High Noon (Fred Zinnemann,1952)
"High Noon" has been regarded as an allegorical tale of the McCarthy witch hunts in Hollywood. With that said, it should, above all, be embraced as a Western.
Lawman Gary Cooper gets deserted by his town and is left to face the bad guys all by himself.
Stagecoach (John Ford, 1939)
This is the film that established John Wayne's career and made him the star we know today. The film balances a good amount of character study with thrilling action sequences (thanks to the daring antics of stuntman Yakuma Canutt!)
It also iconized the Arizona- Utah border as one of the most recognizable locations in the western movie genre.
Shane (George Stevens, 1953)
"Shane" is based on Jack Schaefer's popular novel of the same name. This incredible film adaptation features Alan Ladd perfectly cast as a tough gunfighter trying to quit the game and live a peaceful, of course, that turns out to be harder than he realized.

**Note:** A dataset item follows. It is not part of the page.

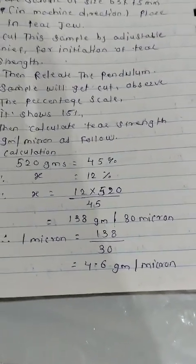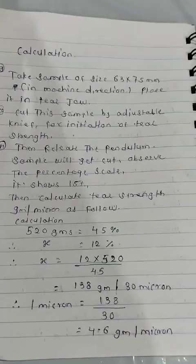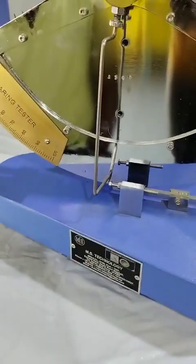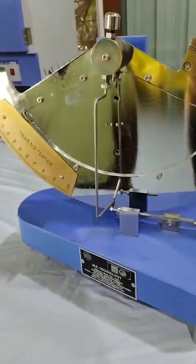As per this standard, our requirement is 2 grams per micron minimum. So this is how we can calculate the tear strength of the film. Thank you.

With Oscar-winning cinematography and Jack Palance’s masterful acting, both in emotion and physicality, the film will leave you pretty choked up.
Westward the Women (William A. Wellman, 1951)
Originally written by Frank Capra, "Westward the Women" sounds rather absurd on paper: A sizeable California farm is suffering from a shortage of women, so naturally, to balance things out, a train is sent out to haul back 150 brides to the farm.
Throw in some treacherous landscapes and tragic death in the mix; the film becomes a telling tale of hardship and gender politics. Not exactly your run-of-the-mill western.